Mother of Og, is there an alignment of planets or something that brings bad karma for wrestlers?

Superfly charged with third-degree murder and involuntary manslaughter for the death of his girlfriend more than 32 years ago

Well, this is Vince McMahon we’re talking about here.

“GOTTA PROTECT THE BRAND, PAL!”

“Now get R-Truth out there shucking and jiving. That’s always funny!”

Just bought our Rumble tickets!

Unfortunately they are waaayyyy in the nosebleeds, so I’m actually kind of worried that I won’t be able to see anything because of the lights (in fact I’m sure we won’t), but I can’t pass up the chance to BE there right?

Short NXT last night. Jordan and Gables came off looking strong, and they’re getting good on the mike, like an Abbot & Costello-type duo.

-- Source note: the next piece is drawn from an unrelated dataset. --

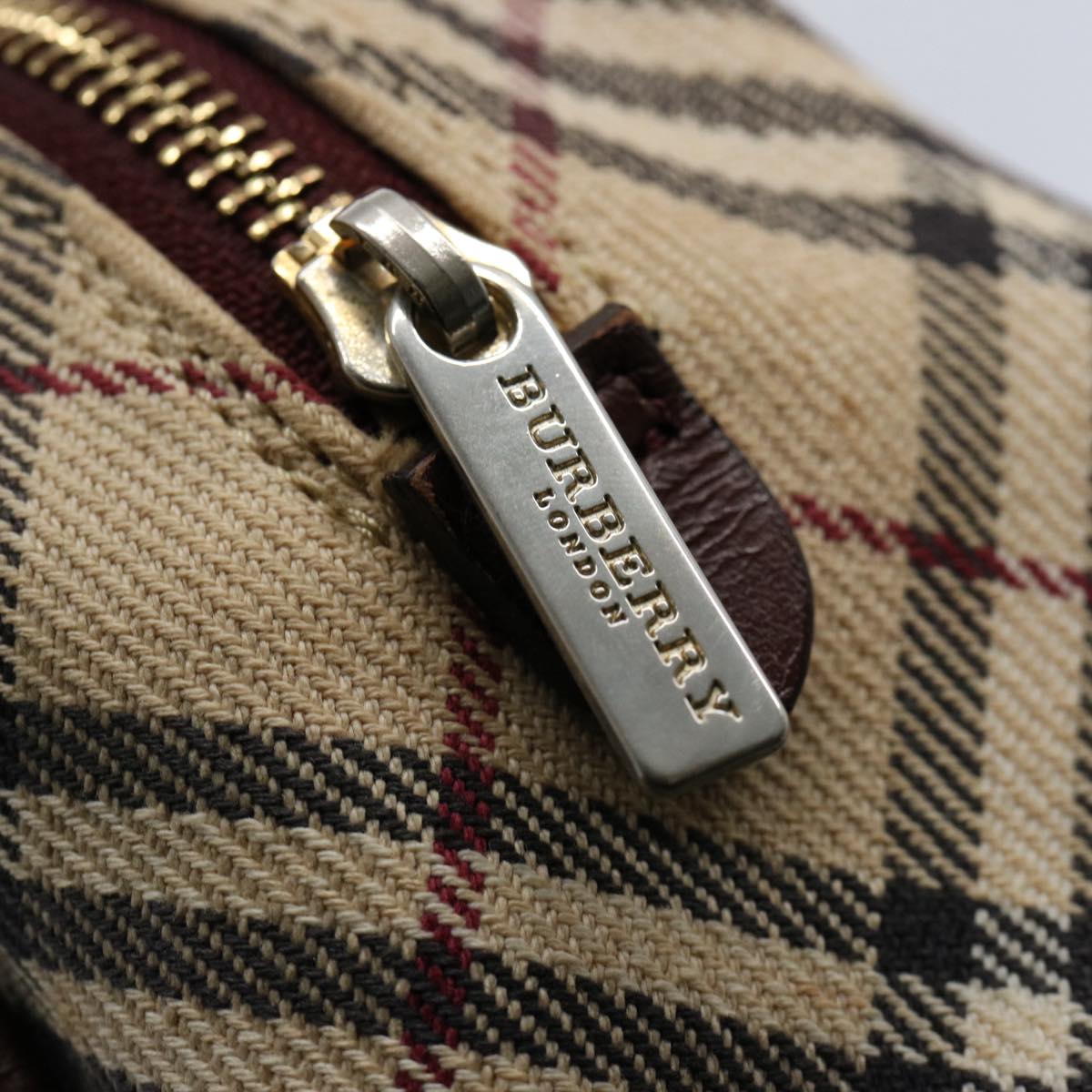 BURBERRY Nova Check Blue Label Hand Bag Canvas Beige Brown Auth uy143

Corey Graves comes off like JBL Jr sometimes, especially when he heaps effluvious amounts of praise on heels that suck. Rich Brennan should have quoted a line from Cujo during the Eva Mannekin match, “You can’t polish a turd.”

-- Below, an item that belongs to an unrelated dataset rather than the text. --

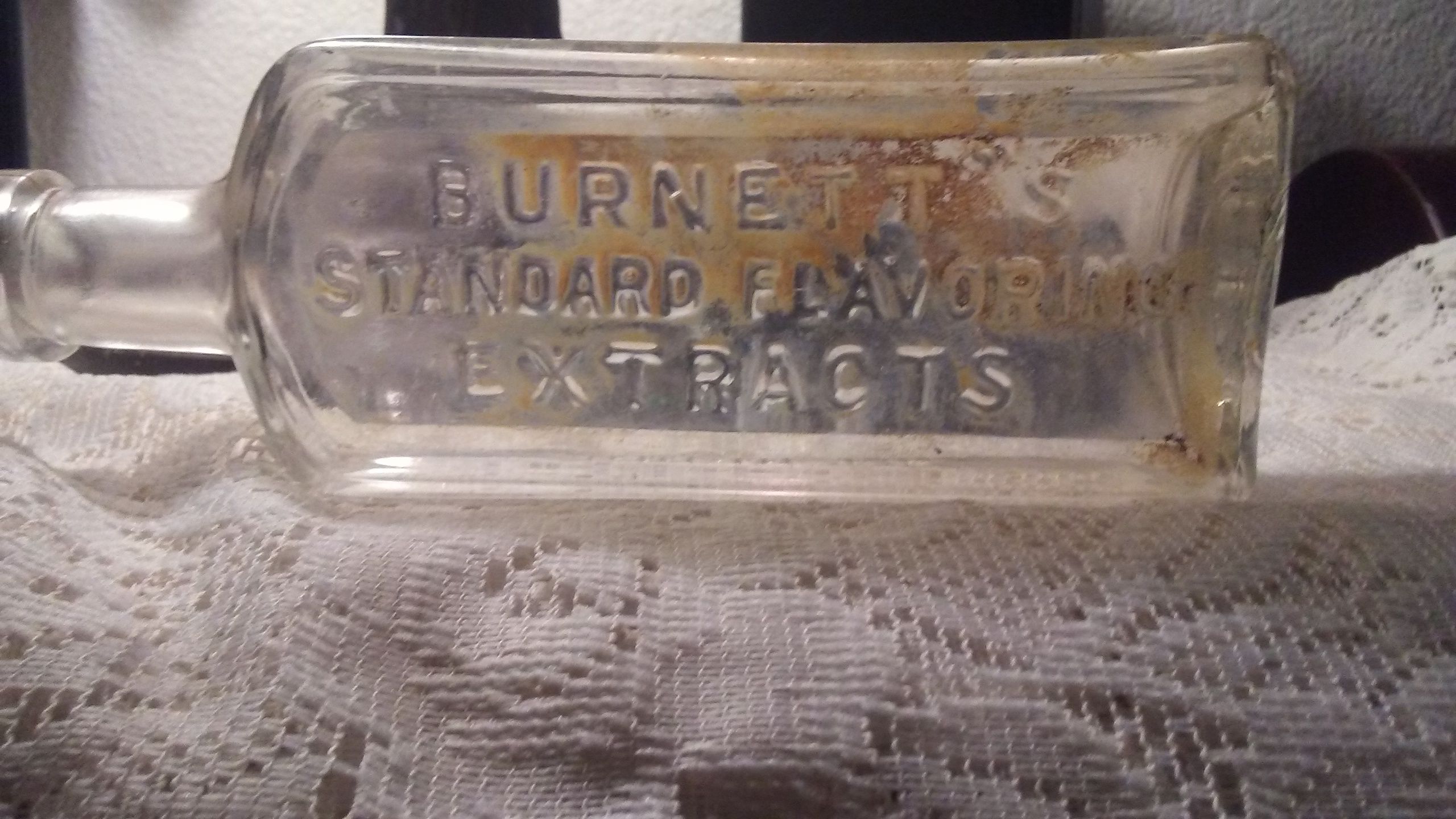 Antique Burnetts Standard Flavoring Bottle 1920's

Baron’s actually figured out how to sell, so maybe’s there’s hope for him yet.

I’ve seen Tomaso Ciampa in RoH, and he was actually a pretty big deal there. Maybe not on Samoa Joe/Kevin (Steen) Owens level, but pretty close. It just seems like NXT could have promoted him better than having him be background scenery for Tyler Breeze’s tantrum, but maybe he and Gargano will pull off a few surprise upsets in the tournament.

If any of you remembers Crunchy Frog, he was the Doper who “bit the bullet” for everybody and watched the bad movies nobody wanted to see but were curious about what they missed. I’ll do the same for Smackdown.

Good to have the Dudleyz back, but WWE is focusing too much on tables. They’ve run the table meme into the ground, dug it back it up, rigged its dead, rotten skeletal body like a marionette, and shoved it in everybody’s faces. “Look! This is a TABLE! Don’t you want to see the Dudleyz put somebody through it? TABLE? REMEMBER HOW MUCH YOU LIKE IT WHEN THEY PUT SOMEBODY THROUGH A TABLE??? MARK OUT DAMN YOU!!!”

That’s what it felt like when New-hoo Day-hee did their promo with a bubble-wrapped table. It led to the DBs coming out and voicing their objections, followed by PTP who said they shouldn’t be left out of tag team gold discussion. They squared off with the DBs as ND did commentary. OK, we get it. Xavier Woods talks a lot and he deserves to be shut up. ND sucked away too much attention, and the Dudleyz beat the PTP while they flapped their gums. It may have been a good match, I dunno. Rich Brennan kept getting shouted down every time he tried to call the action.

Another wrestling meme that won’t die… the taped ribs. Cesaro wore them last night and sold pain so he could put over Sheamus, like he did everybody else on the roster. Every time it seems like Cesaro is about to enjoy a surge, he gets slapped back down.

One unintentionally awkward segue: After Stardust and Ascension beat down Neville, the camera switched backstage to a closeup of Jojo smiling, like she was happy to see Neville in dire straits. Actually, she was about to interview Cesaro before his match.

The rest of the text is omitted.